◆ **Source data**:
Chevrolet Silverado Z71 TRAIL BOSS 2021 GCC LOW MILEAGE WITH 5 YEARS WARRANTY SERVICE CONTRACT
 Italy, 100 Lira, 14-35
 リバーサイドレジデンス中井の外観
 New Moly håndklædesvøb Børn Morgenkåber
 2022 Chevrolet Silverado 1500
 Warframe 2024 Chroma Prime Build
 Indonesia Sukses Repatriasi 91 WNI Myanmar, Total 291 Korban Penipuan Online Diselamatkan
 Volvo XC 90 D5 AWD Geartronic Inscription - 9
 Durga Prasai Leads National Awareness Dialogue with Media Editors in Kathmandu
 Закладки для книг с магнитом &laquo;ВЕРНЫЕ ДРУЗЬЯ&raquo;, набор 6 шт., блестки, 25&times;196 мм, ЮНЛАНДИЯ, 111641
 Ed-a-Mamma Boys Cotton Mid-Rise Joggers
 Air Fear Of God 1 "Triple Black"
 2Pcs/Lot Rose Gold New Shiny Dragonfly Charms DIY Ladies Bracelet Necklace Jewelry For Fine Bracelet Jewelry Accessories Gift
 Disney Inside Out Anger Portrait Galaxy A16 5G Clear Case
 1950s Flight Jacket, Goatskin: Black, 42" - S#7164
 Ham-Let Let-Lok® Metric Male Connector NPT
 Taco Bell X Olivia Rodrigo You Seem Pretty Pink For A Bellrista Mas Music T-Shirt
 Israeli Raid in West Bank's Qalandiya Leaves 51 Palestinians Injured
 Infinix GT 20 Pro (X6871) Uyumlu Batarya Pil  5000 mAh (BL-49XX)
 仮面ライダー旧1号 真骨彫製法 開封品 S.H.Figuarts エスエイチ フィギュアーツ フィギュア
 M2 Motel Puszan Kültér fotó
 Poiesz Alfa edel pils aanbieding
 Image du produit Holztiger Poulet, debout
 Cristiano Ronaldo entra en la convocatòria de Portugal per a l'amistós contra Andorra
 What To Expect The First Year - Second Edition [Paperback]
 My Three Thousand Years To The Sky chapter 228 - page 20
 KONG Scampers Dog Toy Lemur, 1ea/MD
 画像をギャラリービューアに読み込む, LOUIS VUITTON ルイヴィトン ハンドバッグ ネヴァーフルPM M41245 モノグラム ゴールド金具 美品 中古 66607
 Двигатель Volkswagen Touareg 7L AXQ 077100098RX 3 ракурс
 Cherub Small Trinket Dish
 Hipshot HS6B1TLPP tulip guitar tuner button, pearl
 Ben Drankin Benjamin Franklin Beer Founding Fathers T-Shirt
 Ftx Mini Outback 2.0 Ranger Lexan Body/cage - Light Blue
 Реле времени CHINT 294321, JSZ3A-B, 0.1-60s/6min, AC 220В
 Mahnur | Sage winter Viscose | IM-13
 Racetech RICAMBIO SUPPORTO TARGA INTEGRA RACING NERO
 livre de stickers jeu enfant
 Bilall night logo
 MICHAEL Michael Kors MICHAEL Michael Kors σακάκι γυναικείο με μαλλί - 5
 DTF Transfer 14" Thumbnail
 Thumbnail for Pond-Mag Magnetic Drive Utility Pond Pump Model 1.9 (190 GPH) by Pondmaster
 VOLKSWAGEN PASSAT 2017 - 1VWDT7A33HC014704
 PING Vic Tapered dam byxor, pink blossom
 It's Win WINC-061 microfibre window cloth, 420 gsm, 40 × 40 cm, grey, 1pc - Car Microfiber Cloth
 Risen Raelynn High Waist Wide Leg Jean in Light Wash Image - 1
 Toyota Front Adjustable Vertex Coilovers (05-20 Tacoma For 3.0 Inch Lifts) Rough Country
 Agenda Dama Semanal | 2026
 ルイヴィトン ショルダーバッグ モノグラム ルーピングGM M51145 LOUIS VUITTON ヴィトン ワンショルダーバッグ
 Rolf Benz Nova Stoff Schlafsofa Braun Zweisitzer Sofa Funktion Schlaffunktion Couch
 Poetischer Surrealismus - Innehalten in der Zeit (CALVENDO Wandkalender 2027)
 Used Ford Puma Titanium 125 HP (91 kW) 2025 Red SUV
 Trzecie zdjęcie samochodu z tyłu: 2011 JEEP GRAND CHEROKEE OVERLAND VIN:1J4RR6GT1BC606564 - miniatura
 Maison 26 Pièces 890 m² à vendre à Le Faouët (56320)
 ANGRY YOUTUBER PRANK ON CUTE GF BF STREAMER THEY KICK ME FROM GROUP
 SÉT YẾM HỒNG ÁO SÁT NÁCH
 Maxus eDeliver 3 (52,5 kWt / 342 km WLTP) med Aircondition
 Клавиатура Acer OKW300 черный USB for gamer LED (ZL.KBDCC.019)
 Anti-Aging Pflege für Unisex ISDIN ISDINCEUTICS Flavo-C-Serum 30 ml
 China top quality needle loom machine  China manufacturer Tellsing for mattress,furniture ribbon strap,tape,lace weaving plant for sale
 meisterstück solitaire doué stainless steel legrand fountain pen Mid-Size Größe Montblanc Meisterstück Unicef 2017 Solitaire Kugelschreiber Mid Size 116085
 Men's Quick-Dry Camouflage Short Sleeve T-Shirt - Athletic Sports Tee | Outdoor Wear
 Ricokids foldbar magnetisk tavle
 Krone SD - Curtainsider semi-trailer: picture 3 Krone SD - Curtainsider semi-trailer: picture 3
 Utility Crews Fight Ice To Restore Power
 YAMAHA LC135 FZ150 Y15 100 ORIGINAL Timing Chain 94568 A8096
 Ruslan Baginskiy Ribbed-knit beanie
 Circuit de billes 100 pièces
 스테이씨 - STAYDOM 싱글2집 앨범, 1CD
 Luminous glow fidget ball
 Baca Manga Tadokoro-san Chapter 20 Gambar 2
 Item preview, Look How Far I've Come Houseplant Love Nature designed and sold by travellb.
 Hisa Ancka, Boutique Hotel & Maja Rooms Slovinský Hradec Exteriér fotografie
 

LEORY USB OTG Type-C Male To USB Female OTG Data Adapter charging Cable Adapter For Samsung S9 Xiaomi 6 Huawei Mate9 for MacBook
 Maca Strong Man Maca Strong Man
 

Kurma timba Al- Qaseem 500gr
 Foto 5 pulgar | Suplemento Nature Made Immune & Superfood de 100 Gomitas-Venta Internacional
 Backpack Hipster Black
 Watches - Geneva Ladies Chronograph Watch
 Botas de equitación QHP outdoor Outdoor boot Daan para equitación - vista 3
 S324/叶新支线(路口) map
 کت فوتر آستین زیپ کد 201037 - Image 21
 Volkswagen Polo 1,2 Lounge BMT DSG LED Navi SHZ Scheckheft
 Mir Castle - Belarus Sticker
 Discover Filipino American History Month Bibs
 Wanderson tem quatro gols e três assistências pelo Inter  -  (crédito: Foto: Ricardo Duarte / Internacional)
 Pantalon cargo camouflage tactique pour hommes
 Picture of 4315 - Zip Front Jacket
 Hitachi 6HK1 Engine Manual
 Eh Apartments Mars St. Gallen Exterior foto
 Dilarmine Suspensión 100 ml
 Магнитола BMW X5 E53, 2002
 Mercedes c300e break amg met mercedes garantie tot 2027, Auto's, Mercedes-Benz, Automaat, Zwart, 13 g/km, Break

◆ **Brief**: Return, from the data above, each line in which the string "モノグラム" appears.

◆ **Solution to this problem**:
 画像をギャラリービューアに読み込む, LOUIS VUITTON ルイヴィトン ハンドバッグ ネヴァーフルPM M41245 モノグラム ゴールド金具 美品 中古 66607
 ルイヴィトン ショルダーバッグ モノグラム ルーピングGM M51145 LOUIS VUITTON ヴィトン ワンショルダーバッグ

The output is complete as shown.